Sadhna Petroleum Services
Named after the Hindu word for devotion, Sadhna Petroleum Services provides that quality to all its customers’ projects. Founded in 1993 by Krishna Ramlogan – who has nearly four decades of experience in oil drilling and management – the family owned and managed company specializes in drilling and managing exploration and production oil wells in Trinidad, Tobago and the South American countries of Suriname and British Guyana, where the company has a registered office but no current projects.
“These are devout Hindus,” COO Denise Ali explains of her father, Ramlogan, who is managing director. “He’s pretty spiritual about a lot of the things he does.” It is this level of integrity that Ali cites when characterizing the company’s culture.
“We would always be very accommodating and bend over backwards to work with our clients,” Ali maintains. “Lots of times, we do a lot of extra work we don’t even charge for. It’s not a matter of just making money – it’s a matter of building that trust and commitment to our clients, so we can have that repeat business with them.”
As an example, she cites the company’s employment and training of local workers in Suriname. “We are probably the only Trinidadian contractor in Suriname where 98 percent of our work force is Surinamese,” Ali points out. “We have taken on that challenge to train and develop people to a certain standard. It would be cheaper to just pick up Trinidad drillers here in a country where the drilling industry is so much more advanced and mature. But we went a different avenue and built the expertise in Suriname itself. So we approach our business a bit differently in that aspect.”

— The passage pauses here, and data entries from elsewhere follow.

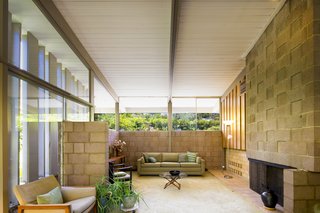 The glass walls make the living areas feel brighter and more expansive.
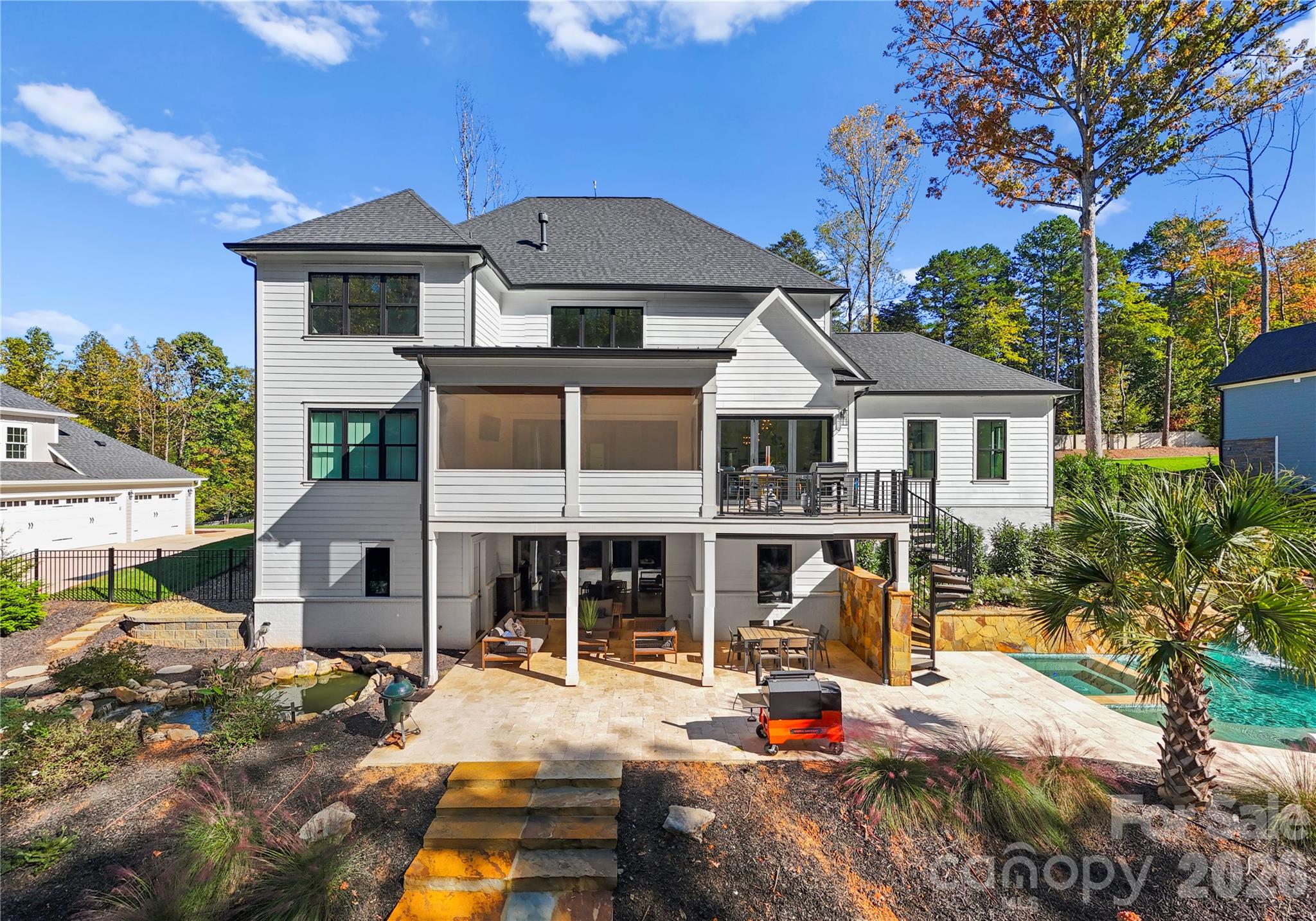 Beautiful travertine patio space and koi pond - 124 Direct Drive, Mooresville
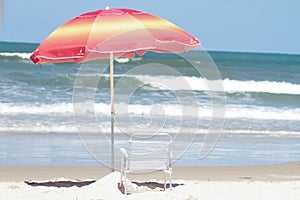 beach umbrella and chair on ilheus beach photo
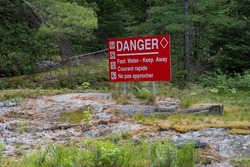 Bright red sign in the forest by the river in French and English danger fast water - keep away. Water safety concept.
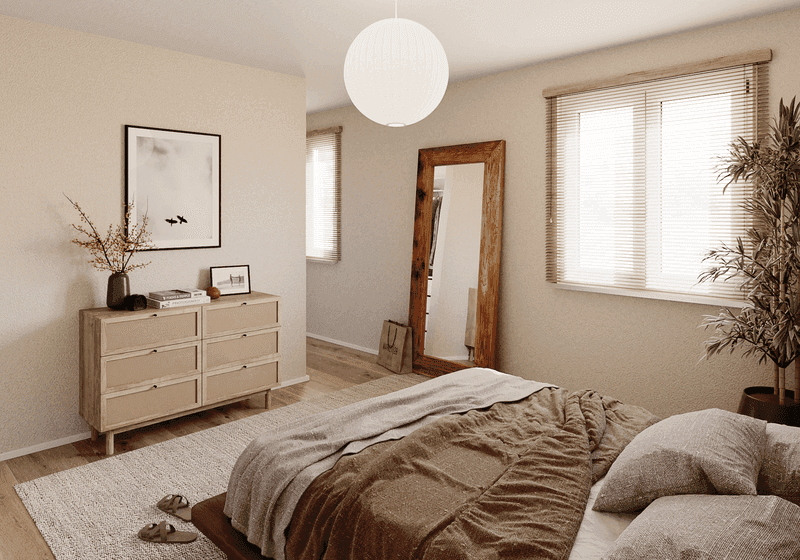 Helles Schlafzimmer mit Holzboden, großem Bett und minimalistischer, moderner Einrichtung.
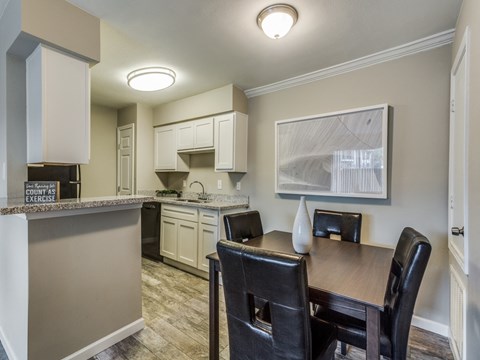a kitchen and dining room with a table and chairs
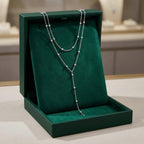 Dubbellaagse lange kralenketting met kwast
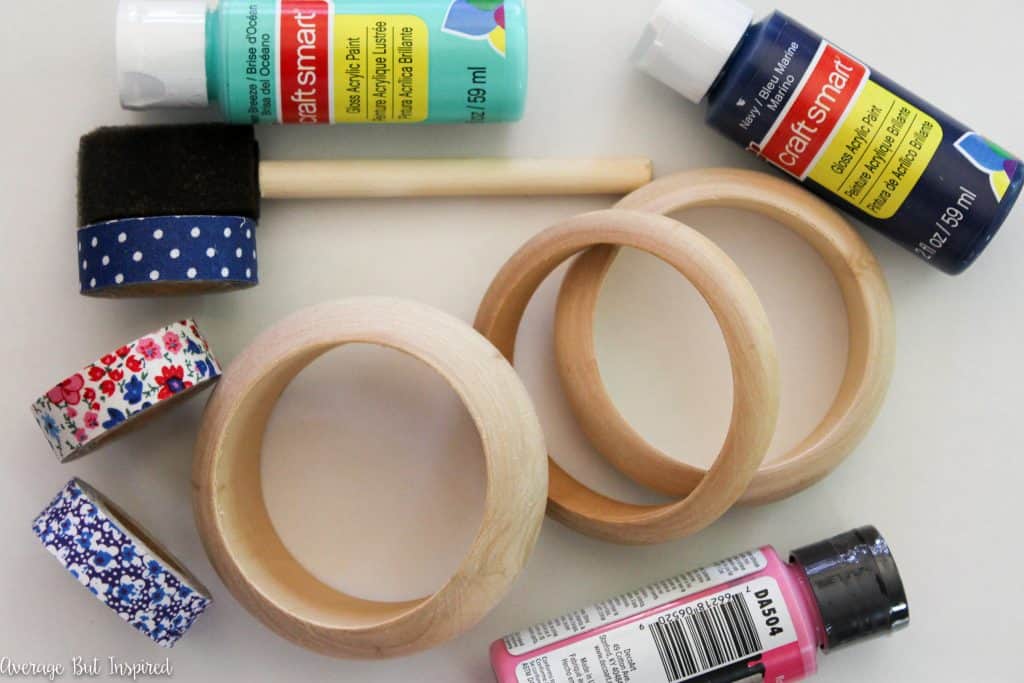 Customize plain wooden bangles with paint and fabric tape for a quick and easy DIY bracelet! Get the full supply list and tutorial in this post.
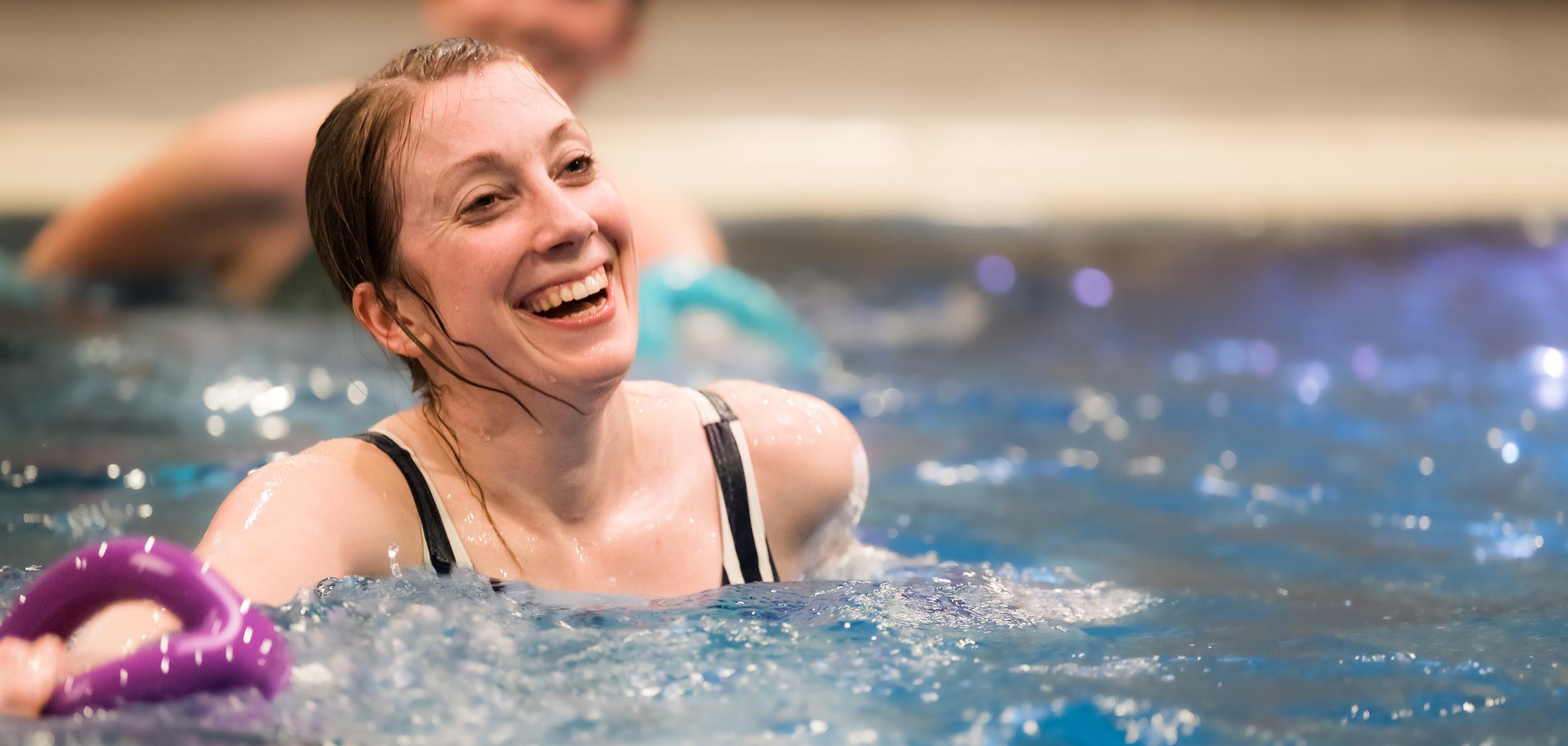 Lächelnde Frau im Wasser hält einen lila Schwimmring, im Hintergrund sind weitere Schwimmer zu sehen.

Started in Client’s Office
Ramlogan started the company after decades spent drilling and managing oil wells for major oil companies such as Shell, Enron and Petrotrin, the state-owned oil company in Trinidad. “We run a simple operation,” Ali maintains. “When this company started, we didn’t even have an office – my father worked in a client’s office. We grew to the point where we now own rigs and have an actual office space and a structure. So this has been a company built from scratch. We’ve made a lot of progress from its point of inception in 1993 to this point.”
Ali, the eldest daughter, was already married and out of the house when her father set up shop in his living room. “My career has always been in the oil and gas sector – not operations and technology, but more finance and the commercial side,” she reveals.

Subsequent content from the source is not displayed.